## Exercise prompt
The lines to reproduce from the material below are those from the one containing "TRD S thumbnail" through the one containing "Nashville, Tennessee 37212, United", both included; write them out exactly and add nothing.

## Exercise data
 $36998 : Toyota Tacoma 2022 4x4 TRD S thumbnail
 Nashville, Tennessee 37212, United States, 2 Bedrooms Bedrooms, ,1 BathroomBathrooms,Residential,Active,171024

--

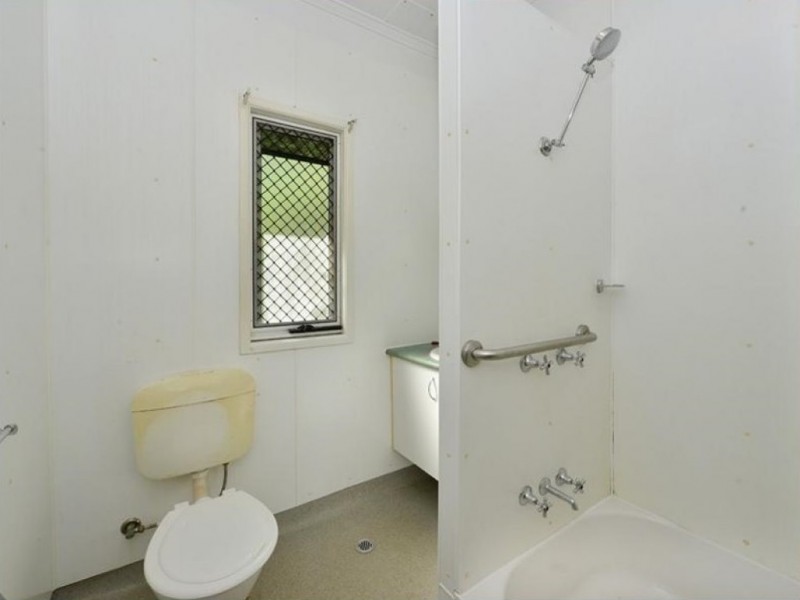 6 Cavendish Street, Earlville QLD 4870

## Result of this exercise
 $36998 : Toyota Tacoma 2022 4x4 TRD S thumbnail
 Nashville, Tennessee 37212, United States, 2 Bedrooms Bedrooms, ,1 BathroomBathrooms,Residential,Active,171024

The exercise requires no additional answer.